Originariamente Scritto da
JohnPollock
CRISI GRECA

ostridicolo:
"Grecia, non escluso default selettivo"
:sofico:
Intesa franco-tedesca: banche, niente tasse
Alla viglilia dall'eurovertice di Bruxelles, una dichiarazione di Juncker affonda le Borse e l'euro. Brevissimo l'effetto sui mercati dell'accordo fra Sarkozy e Merkel sull'esclusione degli oneri per gli istituti di credito nelo contesto del salvataggio di Atene
BRUXELLES - Angela Merkel e Nicolas Sarkozy hanno trovato un accordo sulla crisi della Grecia durante la notte. "Presupposto indispensabile", ha detto la portavoce del governo francese Valerie Pecresse, per il nuovo piano di aiuti europeo alla Grecia. "Serve a rassicurare i nostri partner", ha continuato Pecresse. "C'è bisogno di avere un consenso che sia il più ampio possibile, e la prima pietra di questo consenso era evidentemente costruire una posizione comune".

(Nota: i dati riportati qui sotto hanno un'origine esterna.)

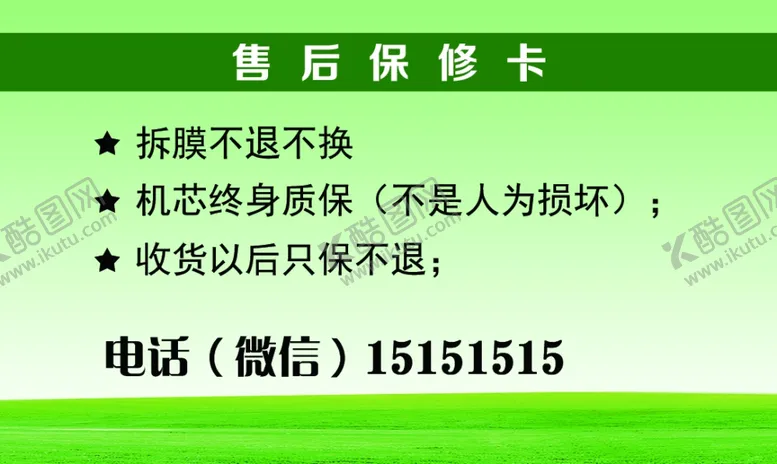 编号：16582302231639019909【酷图网】源文件下载-保修卡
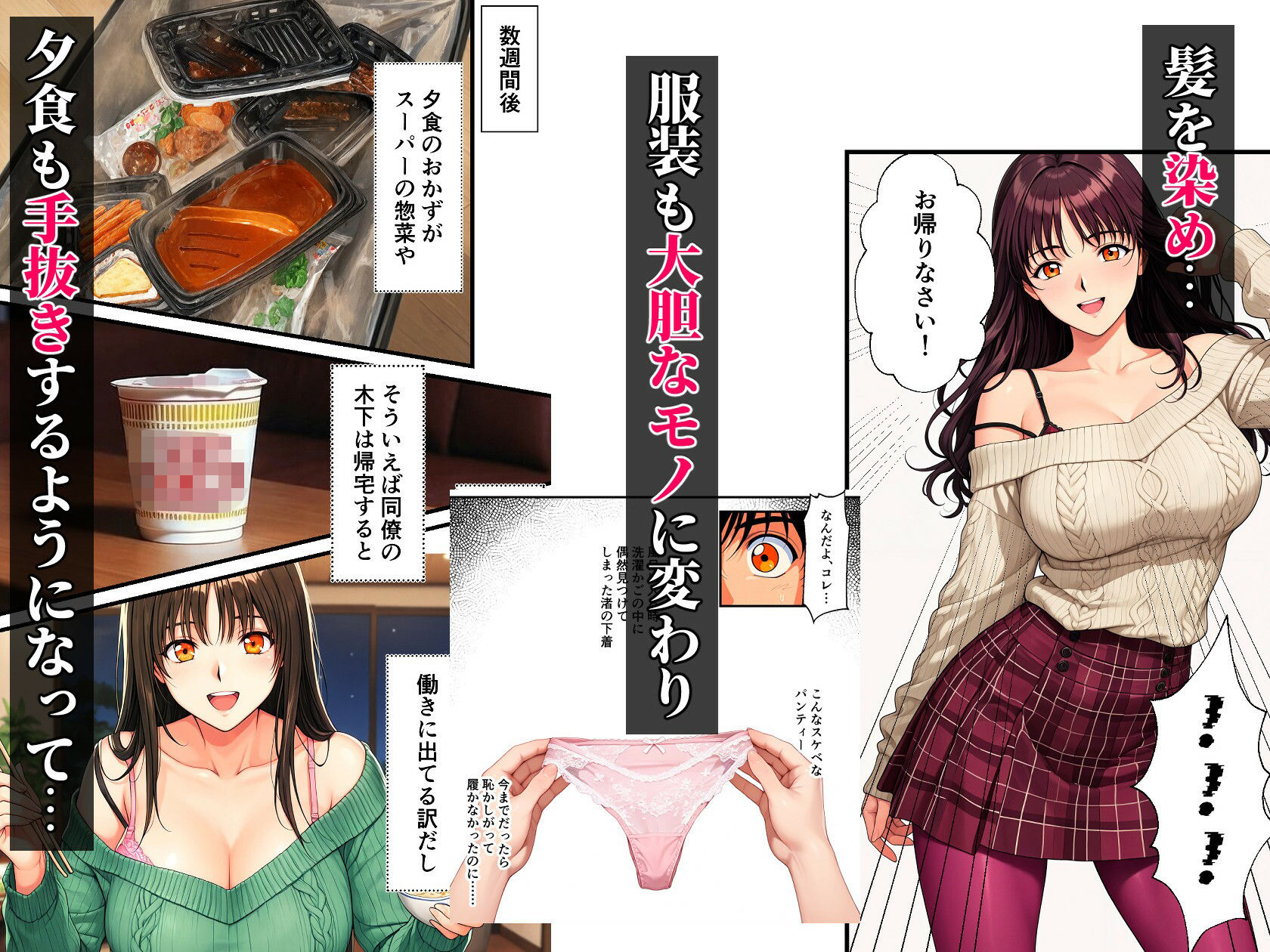 団地妻NTR〜清楚妻が早漏雑魚ちんこ（ダンナ）に欲求不満爆発？ NN（生中だし）オフ会しちゃった話〜 - サンプル画像 4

Secondo le prime indiscrezioni, l'accordo franco-tedesco sul secondo piano di aiuti non prevede l'introduzione di una tassa sulle banche. I dettagli dell'intesa notturna tra Sarkozy e Merkel, non sono stati resi noti. Ma oggi il Financial Times riportava che alcuni Paesi, tra i quali proprio la Francia, stavano premendo per un'imposta sul settore del credito dal quale ricavare 50 miliardi di euro. Soldi che sarebbero stati utilizzati per il riacquisto del 20 per cento del debito ellenico.
La posizione comune è stata comunicata al presidente del Consiglio europeo, Herman Van Rompuy, impegnato a incontrare le varie delegazioni in vista del summit. L'intesa dovrebbe fornire una base per trovare un accordo tra i 17 Paesi dell'Eurozona. La Merkel era favorevole a un piano di salvataggio che coinvolgesse i creditori privati, banche e assicurazioni, ipotesi a cui è contrario Trichet e che sembra sia stata archiviata.
Tra gli addetti ai lavori è opinione diffusa che dietro a tanta riservatezza si nascondano le difficoltà che devono ancora essere superate dall'insieme dei partner prima di poter parlare di un vero e proprio accordo. Sui problemi ancora aperti stanno lavorando gli 'sherpa' dei leader in attesa che i capi di Stato e di governo dei Paesi dell'Eurozona arrivino, intorno alle 13, al Justus Lipsius, il palazzo dove ha sede il Consiglio Europeo.
Intanto forte calo dell'euro sul dollaro dopo le dichiarazioni del presidente dell'eurogruppo Jean Claude Juncker, che ha detto di non escludere la possibilità di un default selettivo per la Grecia (ipotesi che secondo fonti europee sarebbe accettata dalla Bce e contemplata anche dall'accordo fra Parigi e Berlino), anche se sarà fatto di tutto per evitarlo. Le parole di Juncker fanno girare al ribasso le Borse e pesano sulla moneta unica che viene scambiata a 1,4147 dollari, rispetto alla precedente quotazione di 1,4212 dollari.